MOSGAT: Uniting Specificity-Aware GATs and Cross Modal-Attention to Integrate Multi-Omics Data for Disease Diagnosis.

With the advancement of sequencing methodologies, the acquisition of vast amounts of multi-omics data presents a significant opportunity for comprehending the intricate biological mechanisms underlying diseases and achieving precise diagnosis and treatment for complex disorders. However, as diverse omics data are integrated, extracting sample-specific features within each omics modality and exploring potential correlations among different modalities while avoiding mutual interference becomes a critical challenge in multi-omics data integration research. In the context of this study, we proposed a framework that unites specificity-aware GATs and cross-modal attention to integrate different omics data (MOSGAT).
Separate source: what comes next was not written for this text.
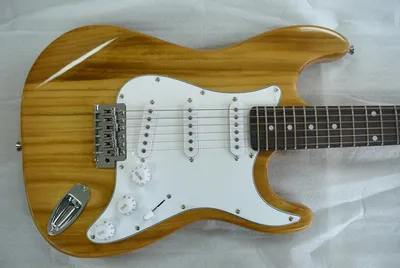 Fender Stratocaster® – Легендарная электрогитара - статья от МузZone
To be specific, we devise Graph Attention Networks (GATs) tailored for each omics modality data to perform feature extraction on samples. Additionally, an adaptive confidence attention weighting technique is incorporated to enhance the confidence in the extracted features. Finally, a cross-modal attention mechanism was devised based on multi-head self-attention, thoroughly uncovering potential correlations between different omics data. Extensive experiments were conducted on four publicly available medical datasets, highlighting the superiority of the proposed framework when compared to state-of-the-art methodologies, particularly in the realm of classification tasks. The experimental results underscore MOSGAT's effectiveness in extracting features and exploring potential inter-omics associations.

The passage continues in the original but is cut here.